The reply must repeat each entry exactly and contain no pictures.
+++ SOURCE RECORDS +++
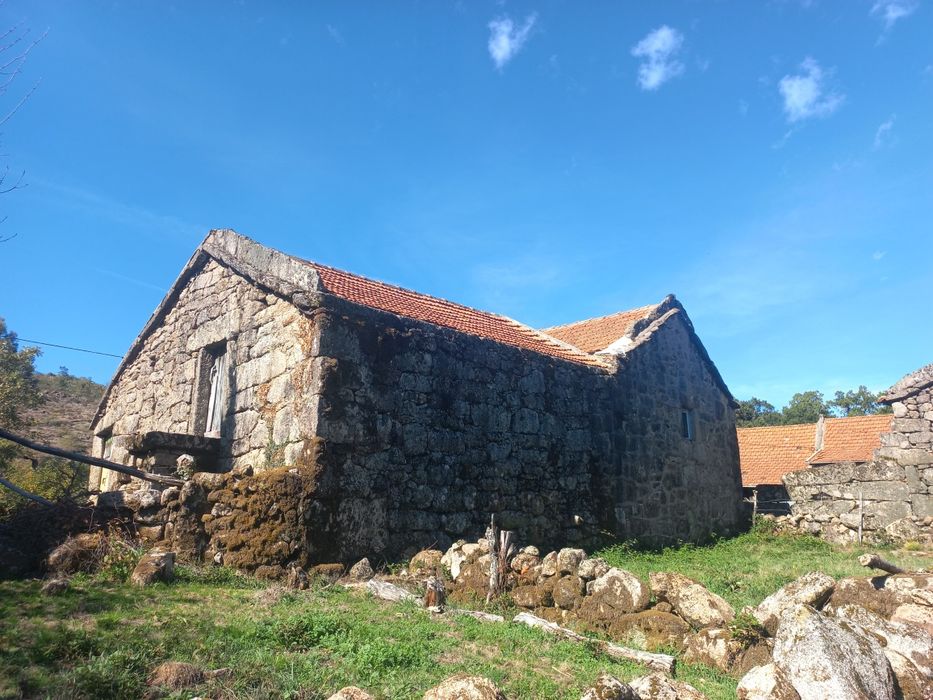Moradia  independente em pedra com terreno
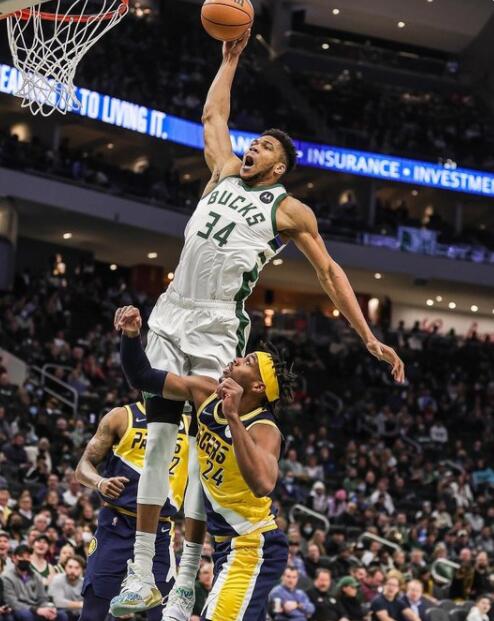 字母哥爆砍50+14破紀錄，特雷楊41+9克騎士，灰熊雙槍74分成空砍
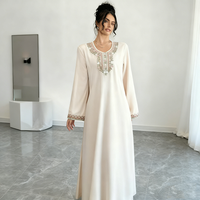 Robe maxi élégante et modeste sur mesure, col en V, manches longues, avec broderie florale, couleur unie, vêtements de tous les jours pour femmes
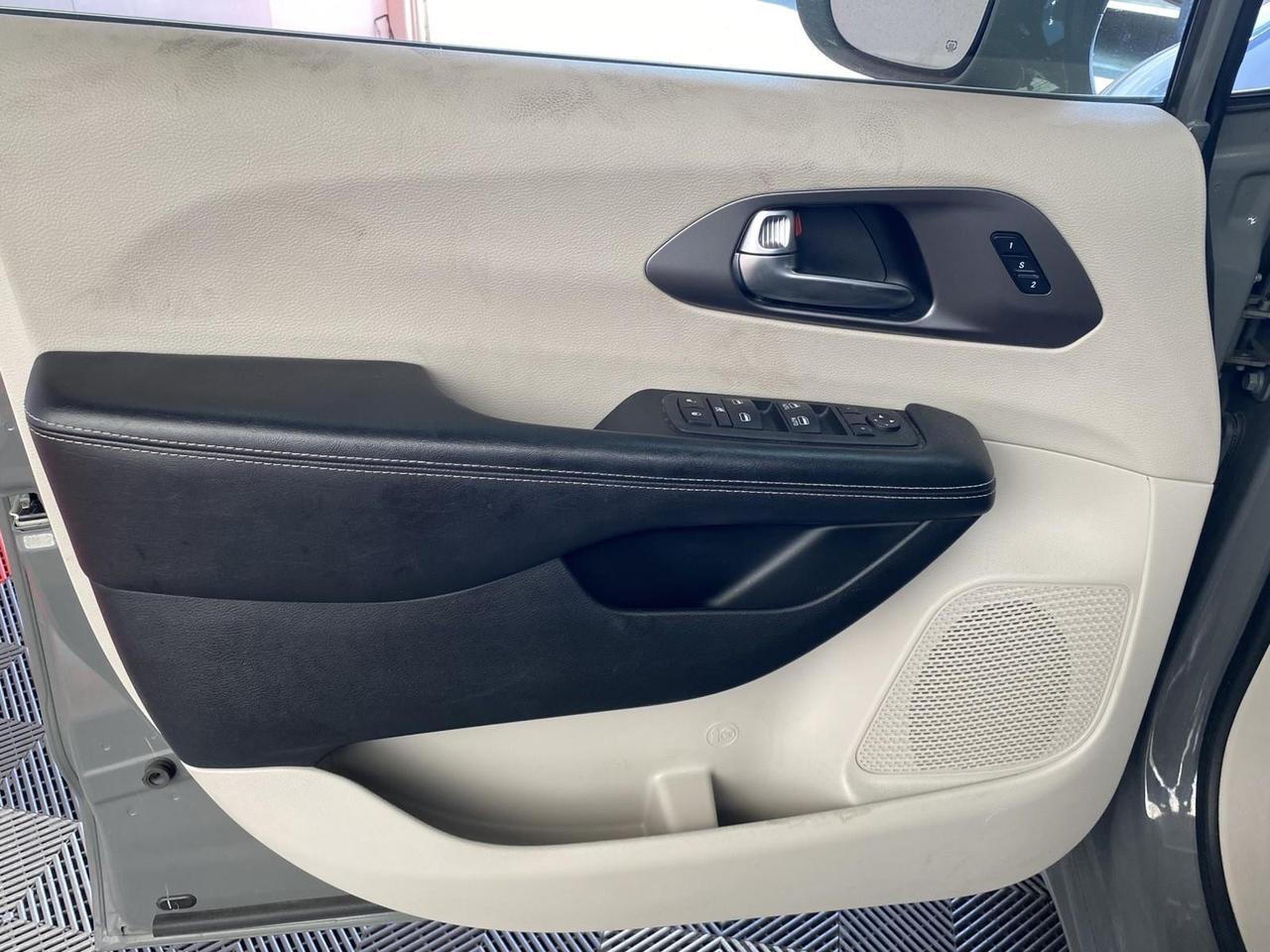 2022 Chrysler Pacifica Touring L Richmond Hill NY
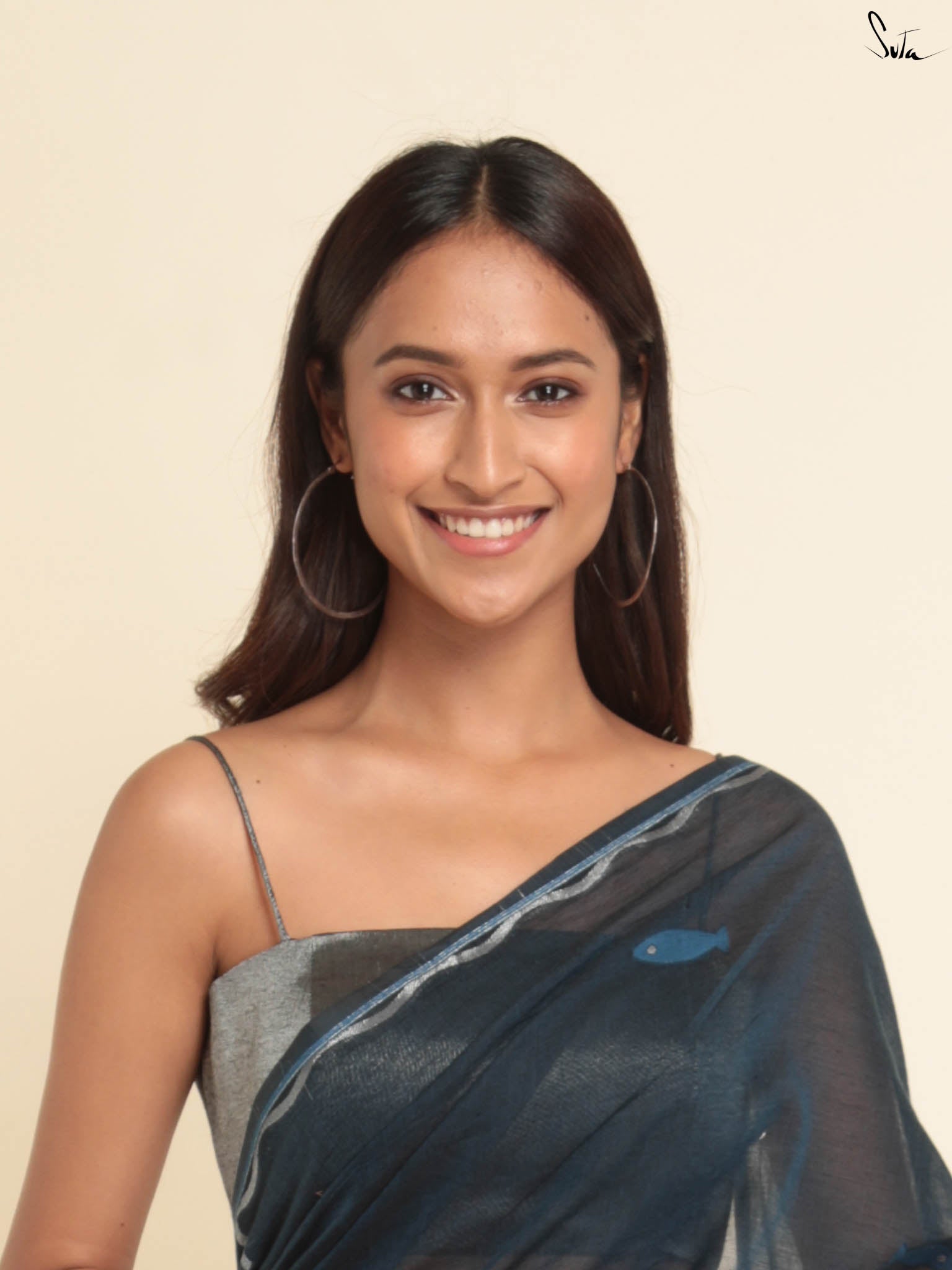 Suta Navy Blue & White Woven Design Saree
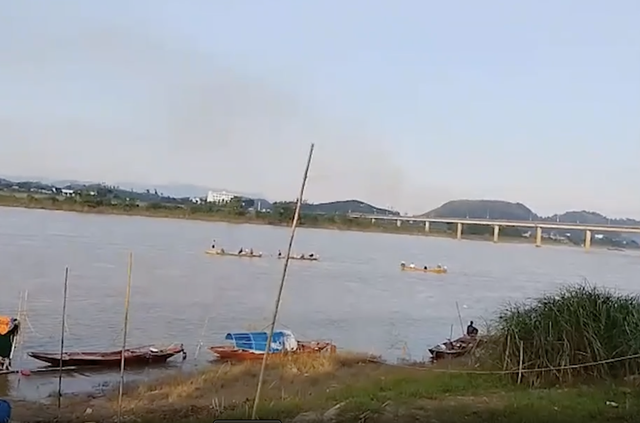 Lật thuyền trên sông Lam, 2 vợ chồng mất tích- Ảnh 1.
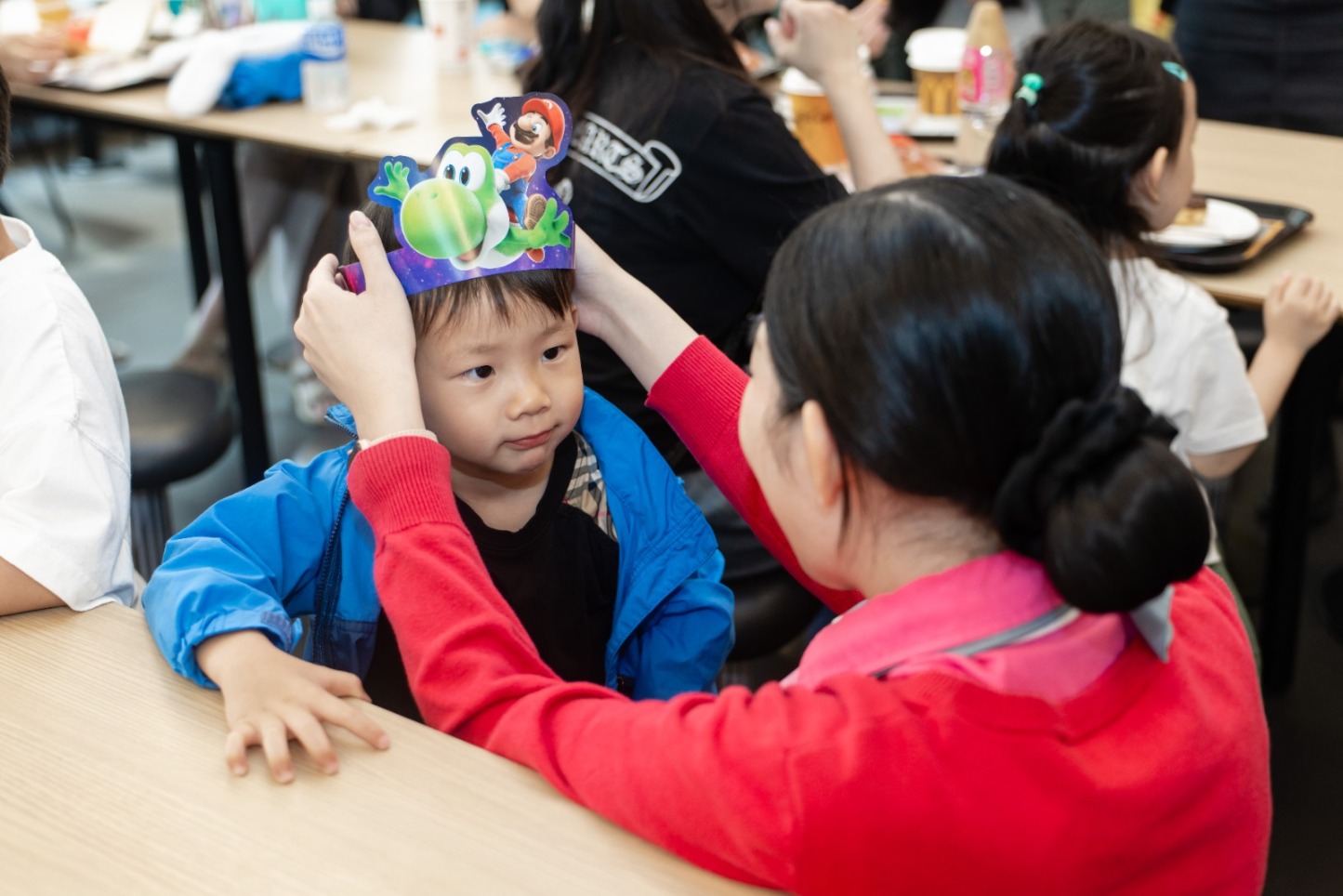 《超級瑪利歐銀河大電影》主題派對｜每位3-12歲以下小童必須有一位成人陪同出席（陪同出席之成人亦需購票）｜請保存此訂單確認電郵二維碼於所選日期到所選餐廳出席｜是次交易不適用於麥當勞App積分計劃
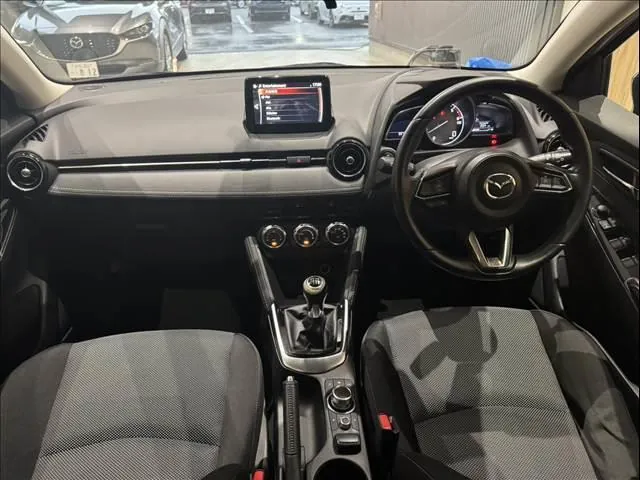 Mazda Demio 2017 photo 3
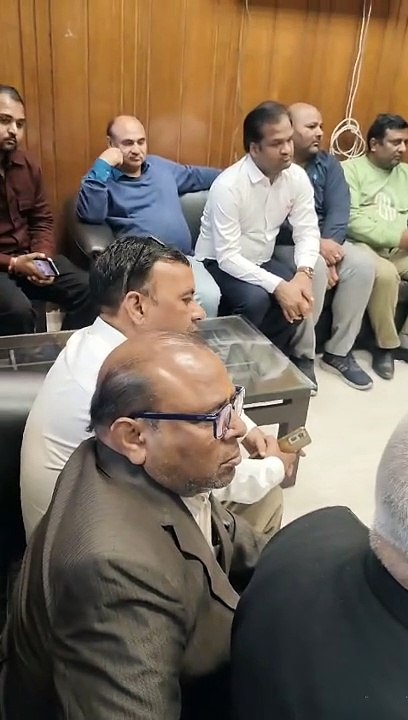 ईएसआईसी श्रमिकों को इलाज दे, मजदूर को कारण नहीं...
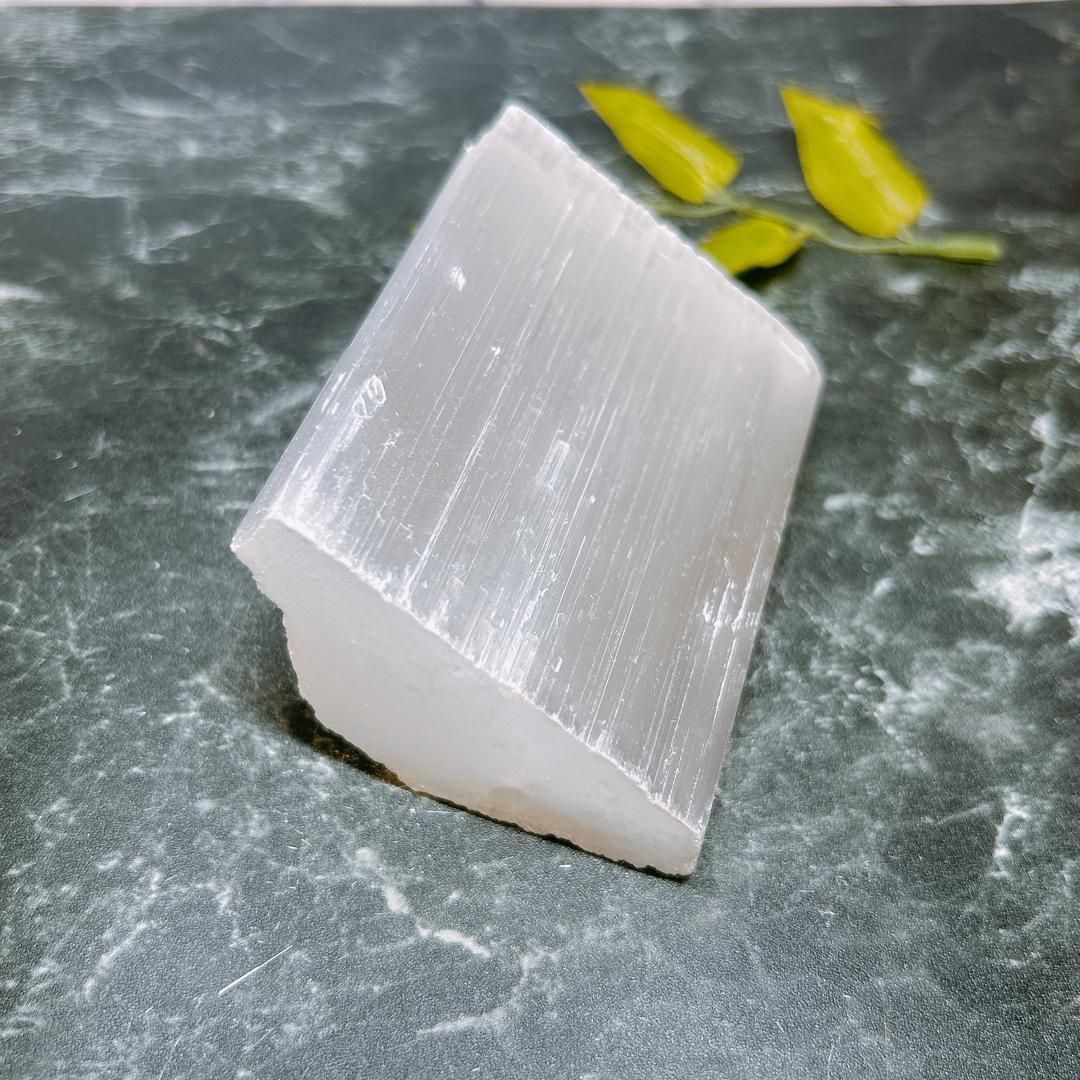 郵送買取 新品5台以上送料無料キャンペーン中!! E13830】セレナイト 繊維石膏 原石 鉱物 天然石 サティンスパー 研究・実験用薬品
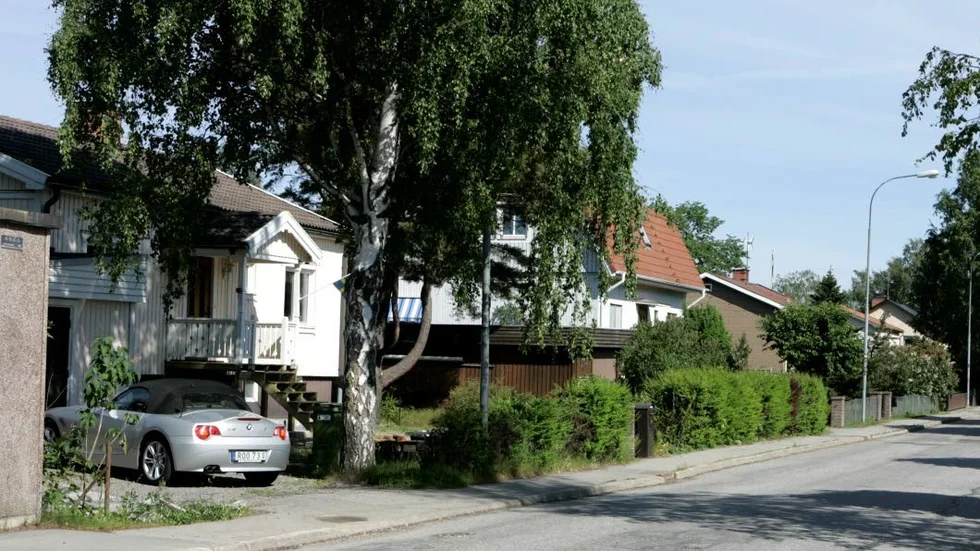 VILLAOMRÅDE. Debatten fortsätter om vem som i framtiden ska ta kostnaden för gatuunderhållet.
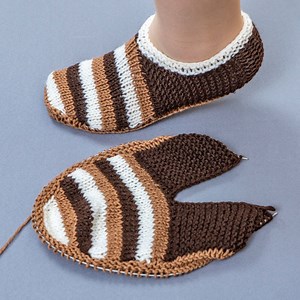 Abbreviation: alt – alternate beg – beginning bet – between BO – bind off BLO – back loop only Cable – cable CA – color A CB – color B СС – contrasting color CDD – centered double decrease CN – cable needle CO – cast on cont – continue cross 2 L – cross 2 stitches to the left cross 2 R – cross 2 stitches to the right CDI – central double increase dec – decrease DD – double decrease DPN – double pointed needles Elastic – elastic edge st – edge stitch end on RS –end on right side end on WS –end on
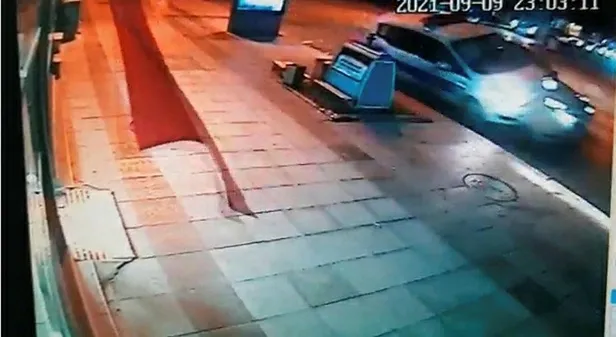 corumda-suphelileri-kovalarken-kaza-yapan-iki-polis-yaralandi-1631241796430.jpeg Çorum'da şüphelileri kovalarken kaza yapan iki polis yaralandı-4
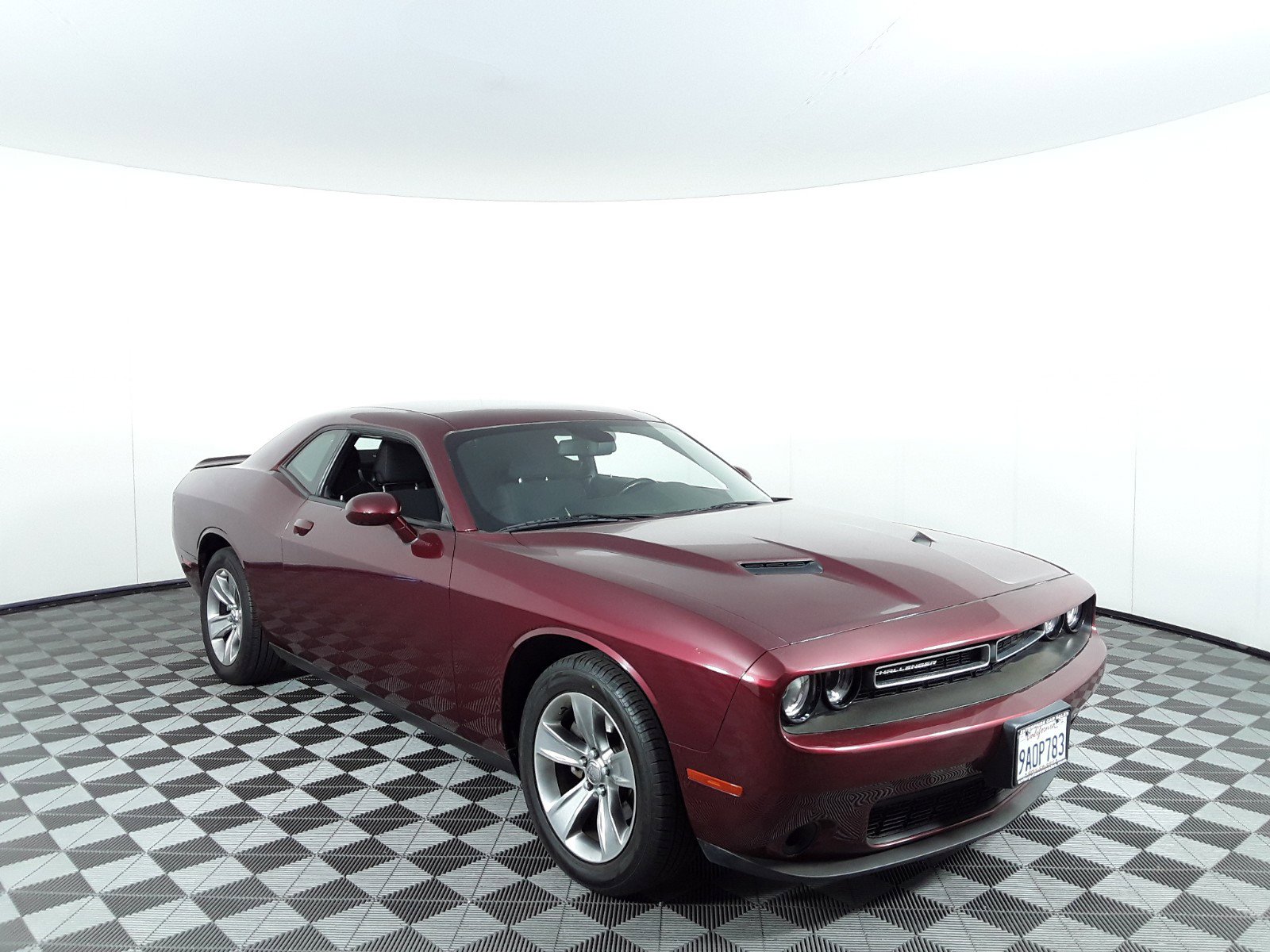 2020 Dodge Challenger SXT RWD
+++
• RESULT OF THIS TASK
Moradia  independente em pedra com terreno
 字母哥爆砍50+14破紀錄，特雷楊41+9克騎士，灰熊雙槍74分成空砍
 Robe maxi élégante et modeste sur mesure, col en V, manches longues, avec broderie florale, couleur unie, vêtements de tous les jours pour femmes
 2022 Chrysler Pacifica Touring L Richmond Hill NY
 Suta Navy Blue & White Woven Design Saree
 Lật thuyền trên sông Lam, 2 vợ chồng mất tích- Ảnh 1.
 《超級瑪利歐銀河大電影》主題派對｜每位3-12歲以下小童必須有一位成人陪同出席（陪同出席之成人亦需購票）｜請保存此訂單確認電郵二維碼於所選日期到所選餐廳出席｜是次交易不適用於麥當勞App積分計劃
 Mazda Demio 2017 photo 3
 ईएसआईसी श्रमिकों को इलाज दे, मजदूर को कारण नहीं...
 郵送買取 新品5台以上送料無料キャンペーン中!! E13830】セレナイト 繊維石膏 原石 鉱物 天然石 サティンスパー 研究・実験用薬品
 VILLAOMRÅDE. Debatten fortsätter om vem som i framtiden ska ta kostnaden för gatuunderhållet.
 Abbreviation: alt – alternate beg – beginning bet – between BO – bind off BLO – back loop only Cable – cable CA – color A CB – color B СС – contrasting color CDD – centered double decrease CN – cable needle CO – cast on cont – continue cross 2 L – cross 2 stitches to the left cross 2 R – cross 2 stitches to the right CDI – central double increase dec – decrease DD – double decrease DPN – double pointed needles Elastic – elastic edge st – edge stitch end on RS –end on right side end on WS –end on
 corumda-suphelileri-kovalarken-kaza-yapan-iki-polis-yaralandi-1631241796430.jpeg Çorum'da şüphelileri kovalarken kaza yapan iki polis yaralandı-4
 2020 Dodge Challenger SXT RWD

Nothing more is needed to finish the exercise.